Methods: All implants were tested in human cadaver femurs by loading in a hip simulator in single leg stance and stair climbing activity. Changes in deformation pattern of the proximal femur were measured by strain gauges. Initial stability of the femoral stems was investigated using a micromotion jig. The effect on the deformation pattern and initial stability was studied when the neck version, angle and length were varied, due to either an eccentric femoral head or a modular neck. The deformation pattern and initial stability of a cemented and an uncemented stem of similar geometry were compared.
Results: Strain was reduced in the proximal femur for all implants tested, especially proximally on the medial side, compared to the intact femur. Increased offset combined with retroversion or reduced neck–shaft angle in an eccentric femoral head gave significantly increased strain values compared to the standard situation. All three eccentric femoral head configurations gave overall small micromotion of the femoral stem; up to 40 μm. When testing the modular necks, the varus neck increased the micromotion up to 60 μm. Micromotion was significantly higher during stair climbing compared to single leg loading, and for distal level compared to proximal level in all modular necks. The short neck had higher loss of strain in distal position on the lateral side, and the retroverted neck retained more strain proximal medially. The cemented stem had slightly higher strains than the uncemented stem on the medial side, while uncemented stem had higher strains on the lateral side of the proximal femur. The differences were small, but statistically significant.

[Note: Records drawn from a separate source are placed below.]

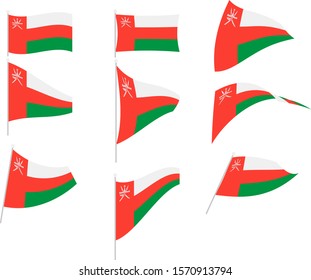 Vector Illustration of Set with Oman Flag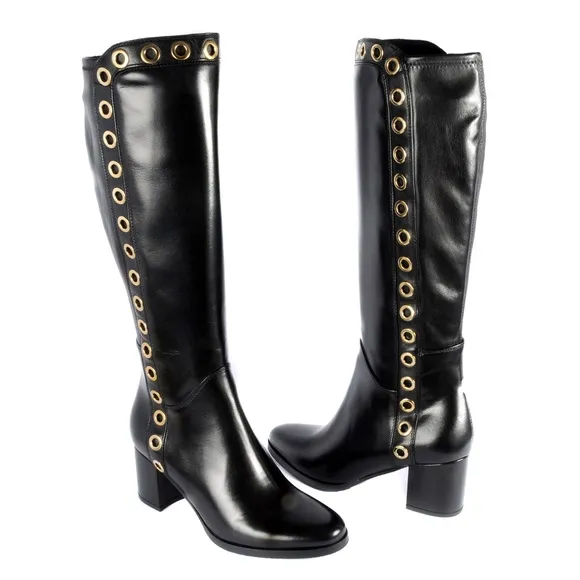 Le Pepe Nappa Black Knee High Boots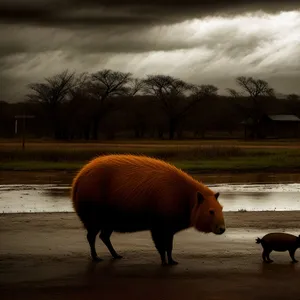 Rural swine grazing in a grassy meadow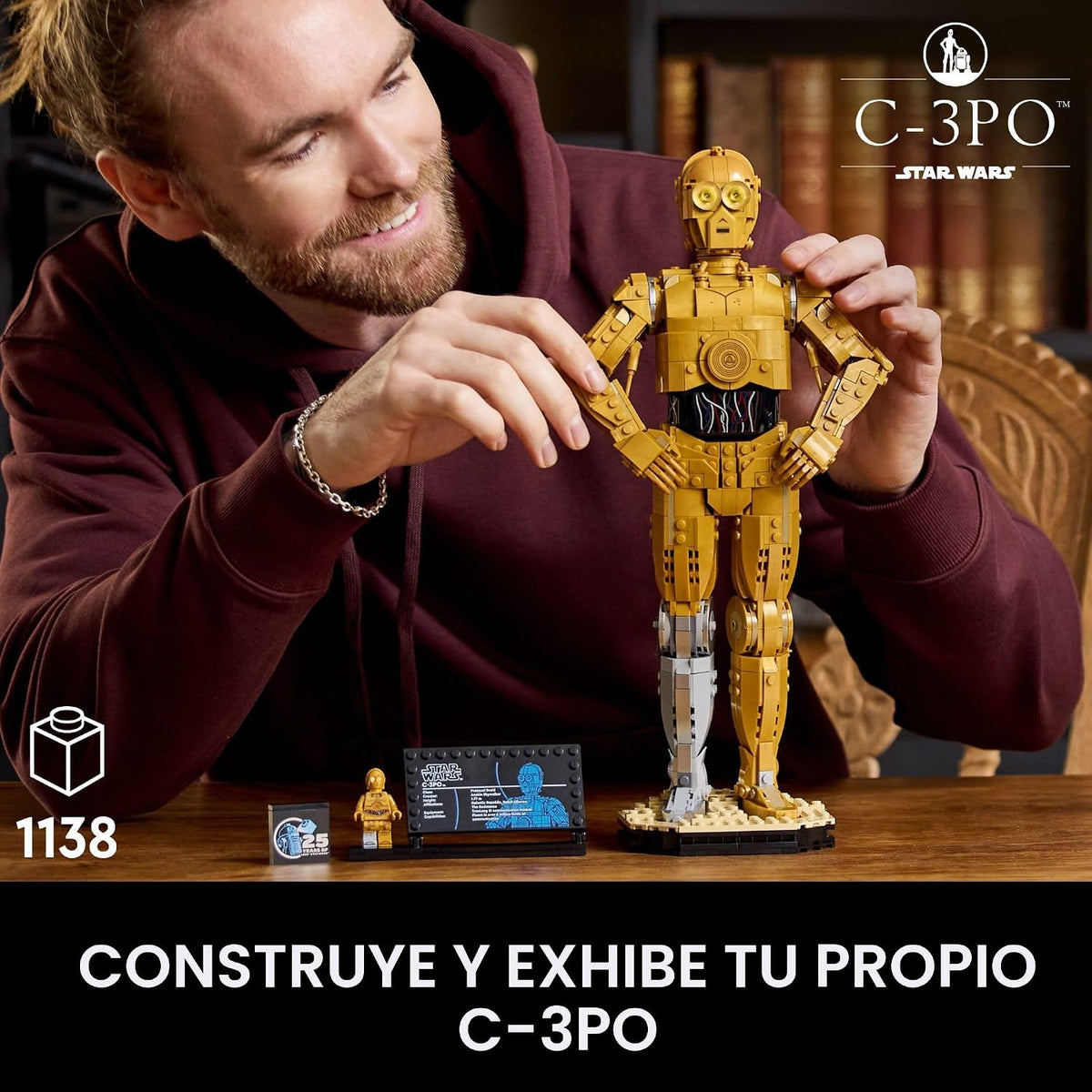 LEGO Star Wars C-3PO Figura de droide construible, modelo de constr...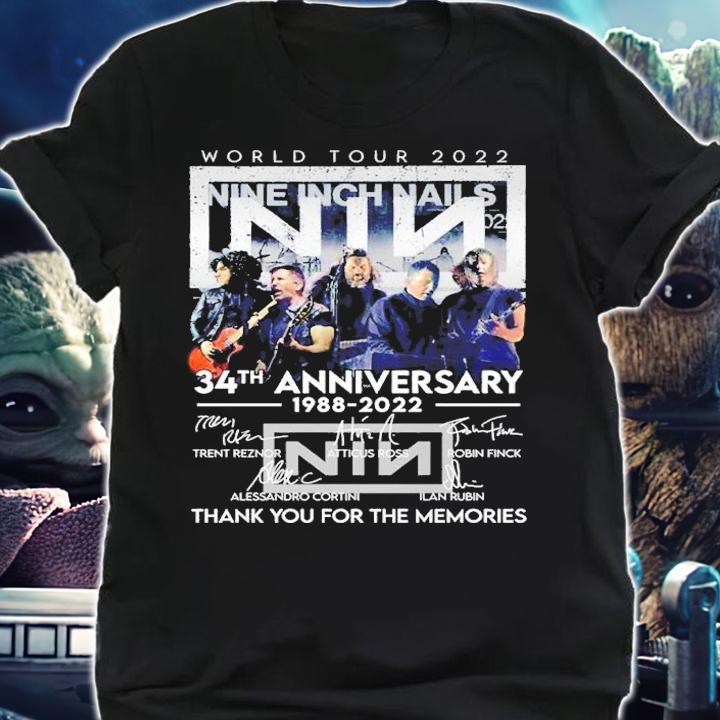 World Tour 2022 Nine Inch Nails 34th anniversary 1988 2022 thank you for the memories shirt t-shirt shirt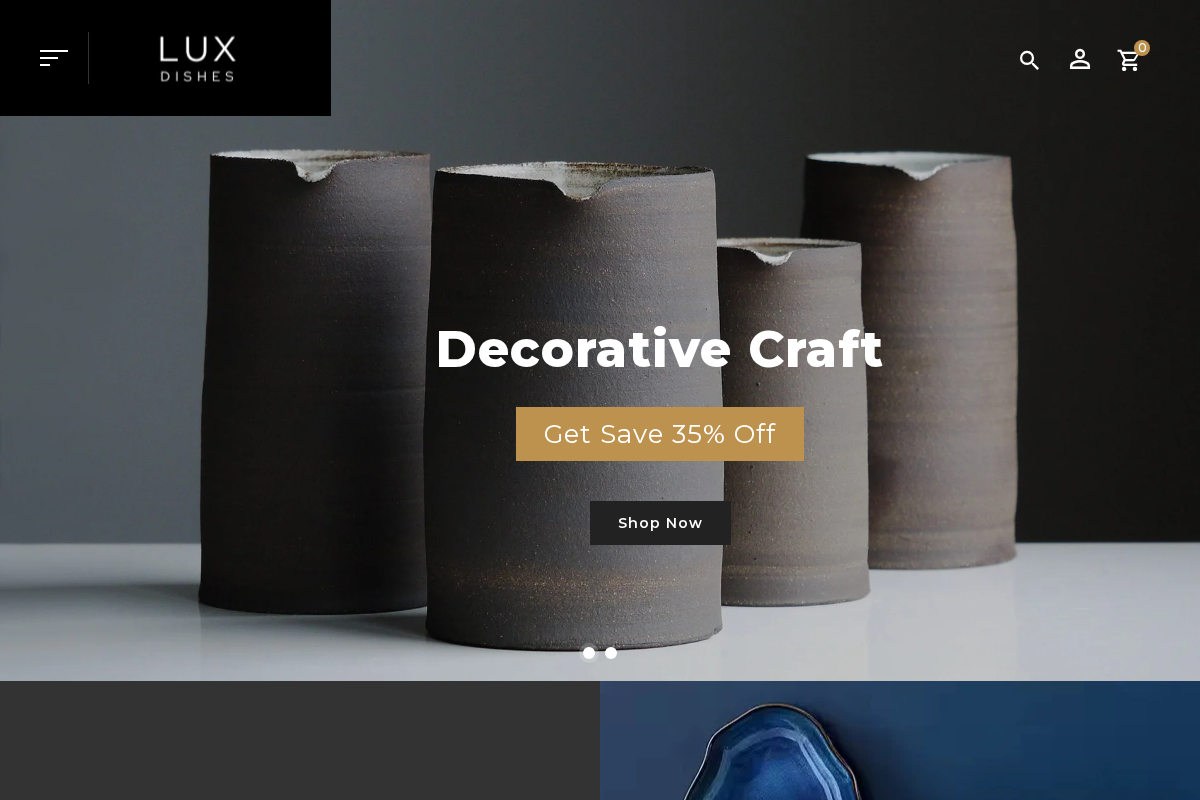 lux dishes homepage screenshot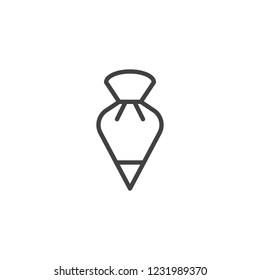 Pastry bag outline icon. linear style sign for mobile concept and web design. Icing bag with nozzle simple line vector icon. Symbol, logo illustration. Pixel perfect vector graphics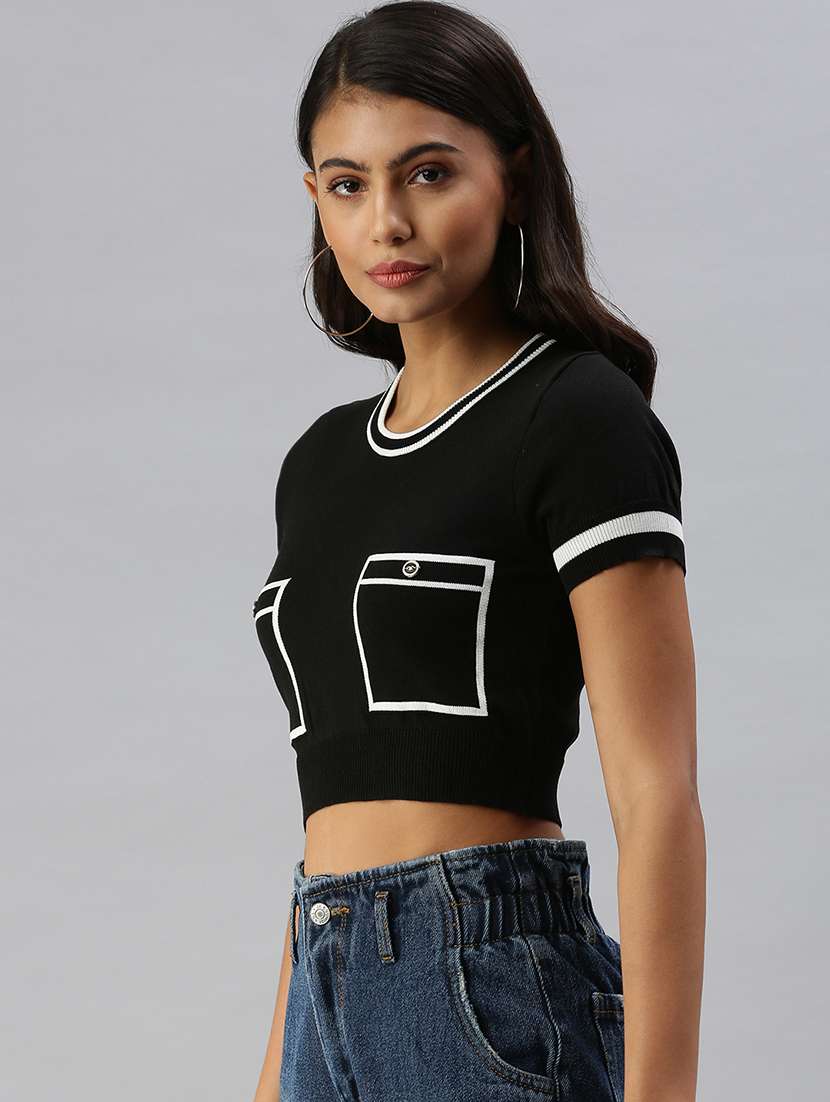 contrast detail solid crop top  - 18392220 -  Standard Image - 1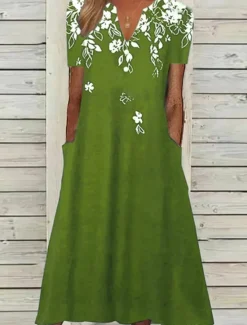 Outlet Women's Midi Dress Casual Dress Navy Blue Half Sleeve Floral Pocket Summer Spring Fall V Neck Vacation Daily Vacation 2023 S M L XL XXL 3XL Women Spring Dresses
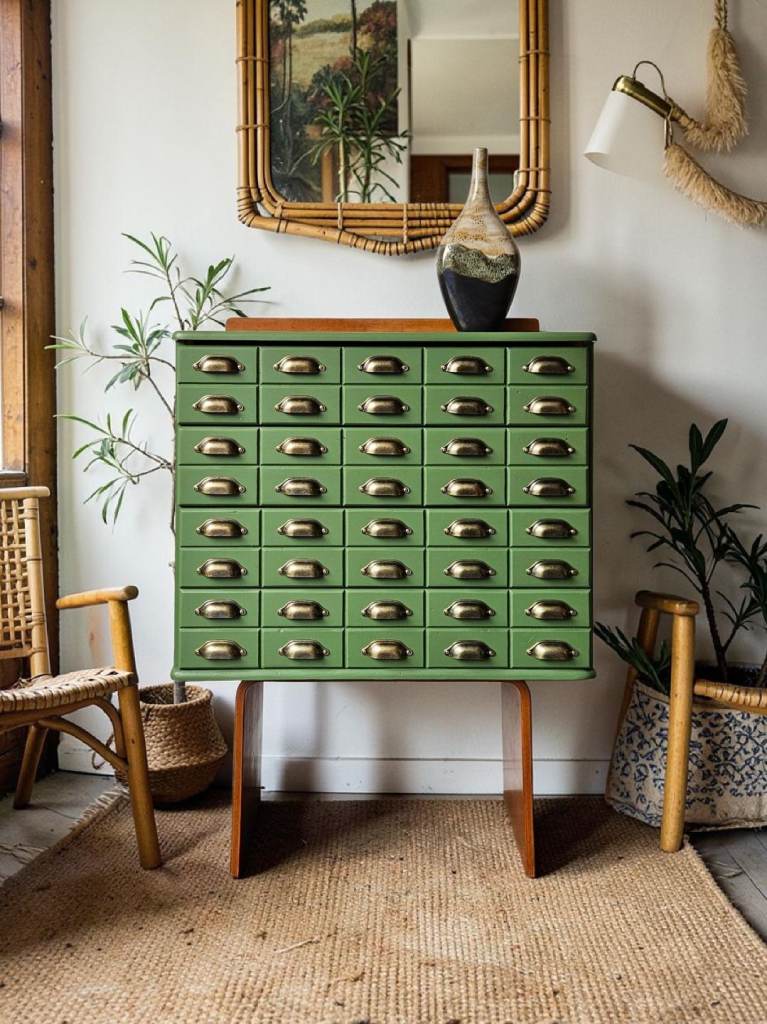 Solid Pine Apothecary Chest of Drawers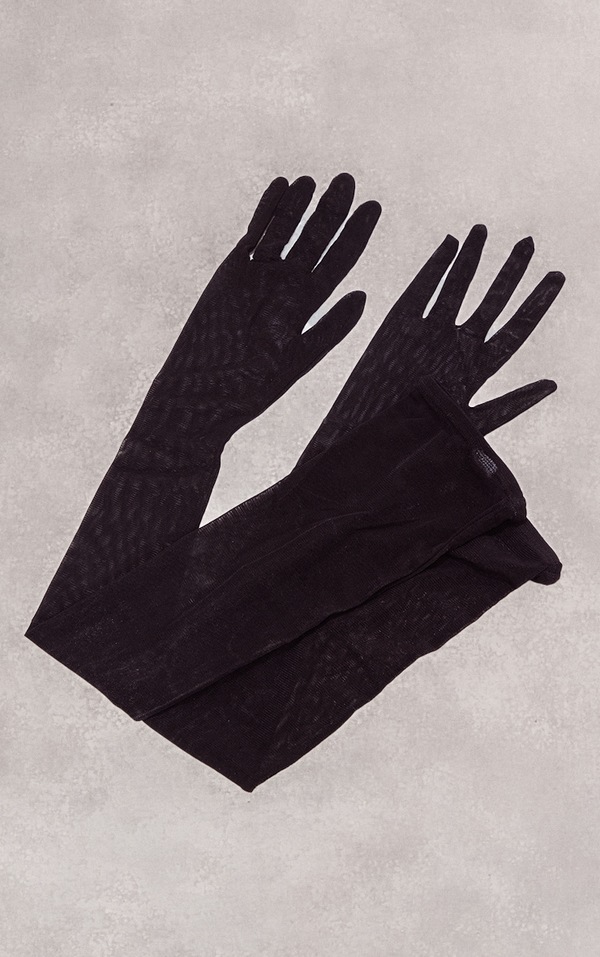 Black Extra Long Mesh Gloves Accessories PrettyLittleThing USA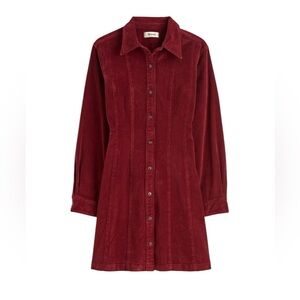 Madewell Long-Sleeve Seamed Mini Dress in Cabernet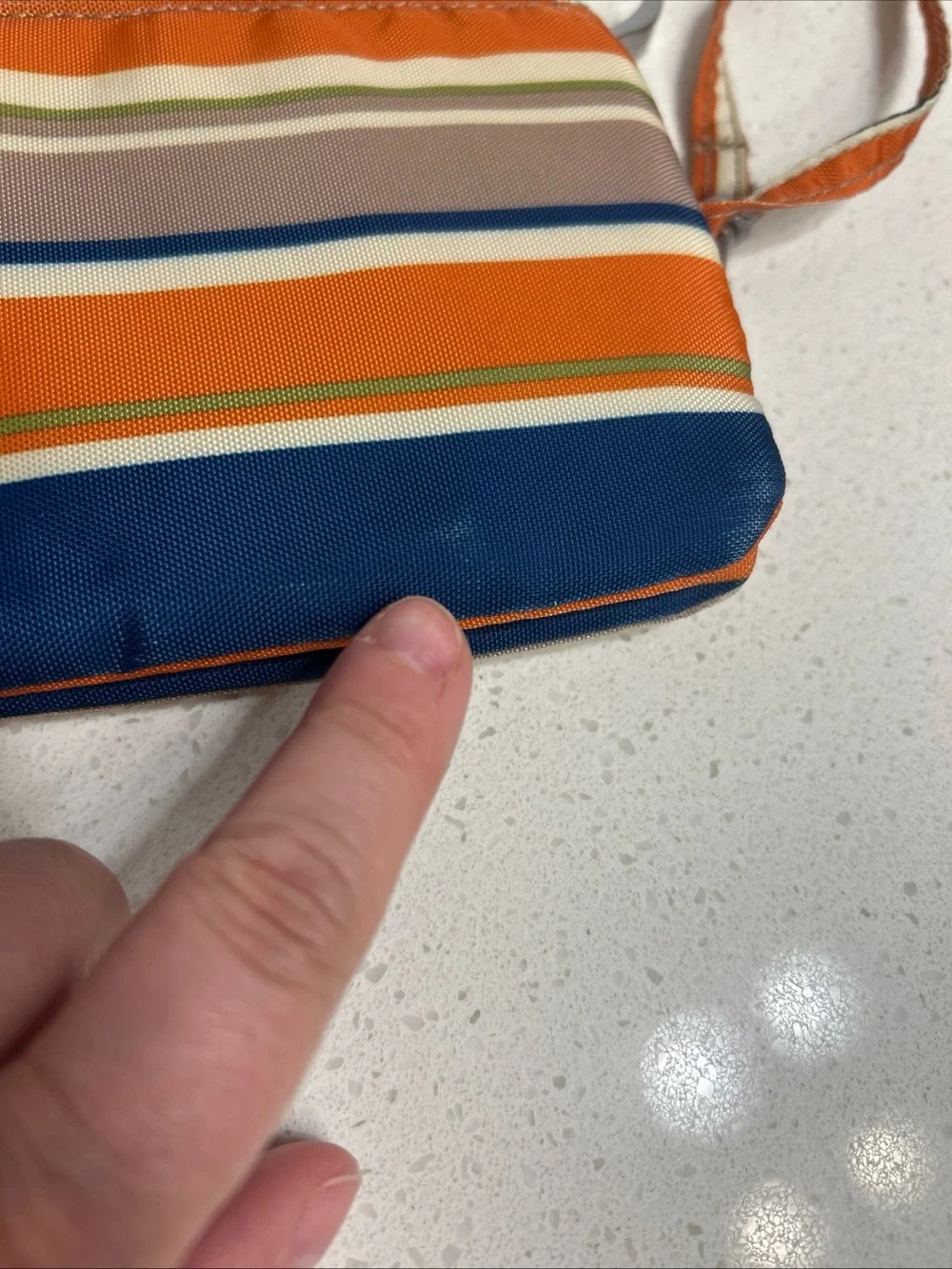 Baggallini Orange, Navy & Cream Striped Double Zip RFID Wristlet
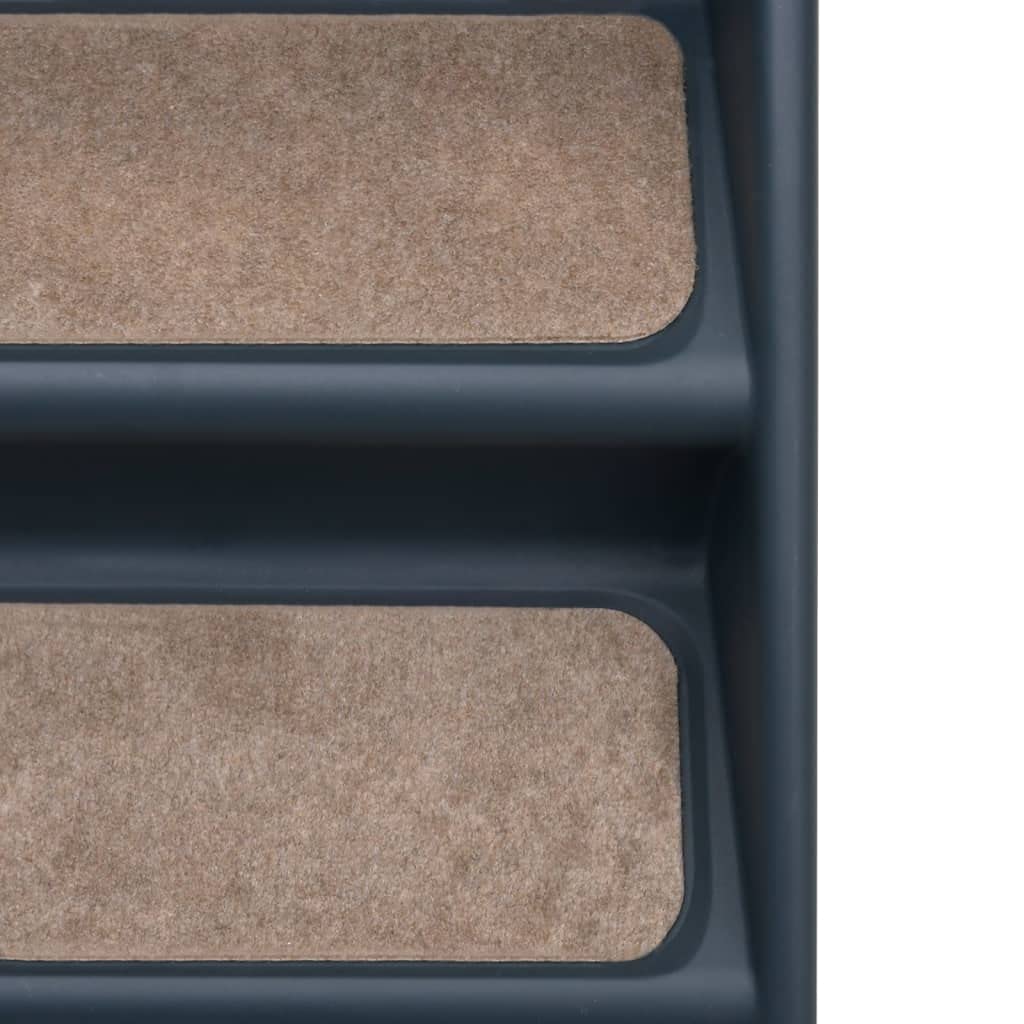Folding 4-Step Dog Stairs Dark Gray M8381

Conclusion: Varying the femoral neck version, angle and length by either an eccentric femoral head or a modular neck gave some variations in cortical strains in the proximal femur compared to a standard design. However, the differences might be too small to have any clinical significance. The initial stability was acceptable for the tested implants when varying the femoral neck angle and length. The cemented stem was more stable than the uncemented stem, as expected. However, both stems had small micromotions at the bone-implant interface, and in a range, that is not expected to have a negative impact on long-term stability.